For this exercise, write out exactly the lines from the line containing "Variables by First-Generation" through the last line of the records, and no other lines.

[Image-caption web data]
____________

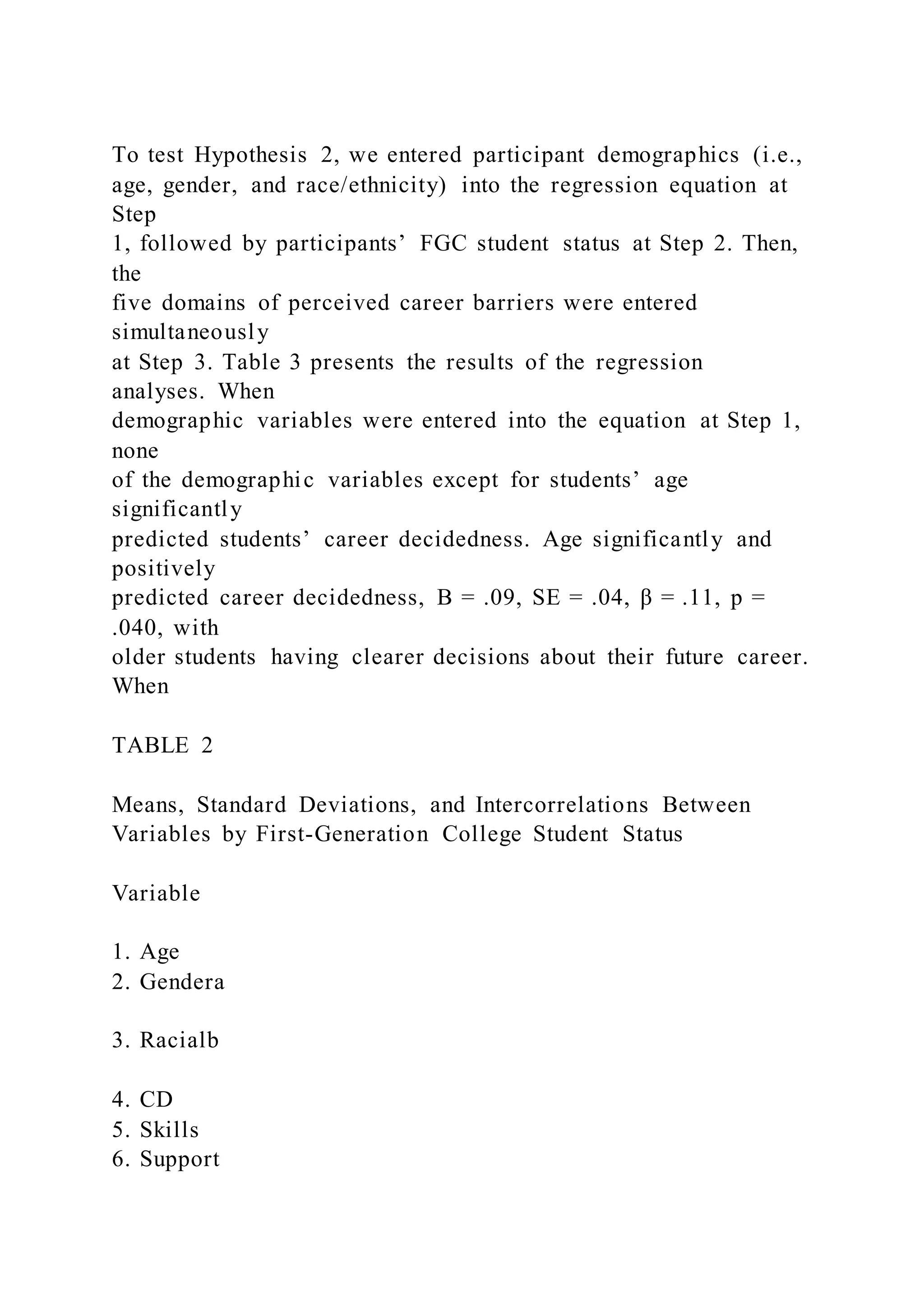 To test Hypothesis 2, we entered participant demographics (i.e.,
age, gender, and race/ethnicity) into the regression equation at
Step
1, followed by participants’ FGC student status at Step 2. Then,
the
five domains of perceived career barriers were entered
simultaneously
at Step 3. Table 3 presents the results of the regression
analyses. When
demographic variables were entered into the equation at Step 1,
none
of the demographic variables except for students’ age
significantly
predicted students’ career decidedness. Age significantly and
positively
predicted career decidedness, B = .09, SE = .04, β = .11, p =
.040, with
older students having clearer decisions about their future career.
When
TABLE 2
Means, Standard Deviations, and Intercorrelations Between
Variables by First-Generation College Student Status
Variable
1. Age
2. Gendera
3. Racialb
4. CD
5. Skills
6. Support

____________

◆ Solved problem ◆
Variables by First-Generation College Student Status
Variable
1. Age
2. Gendera
3. Racialb
4. CD
5. Skills
6. Support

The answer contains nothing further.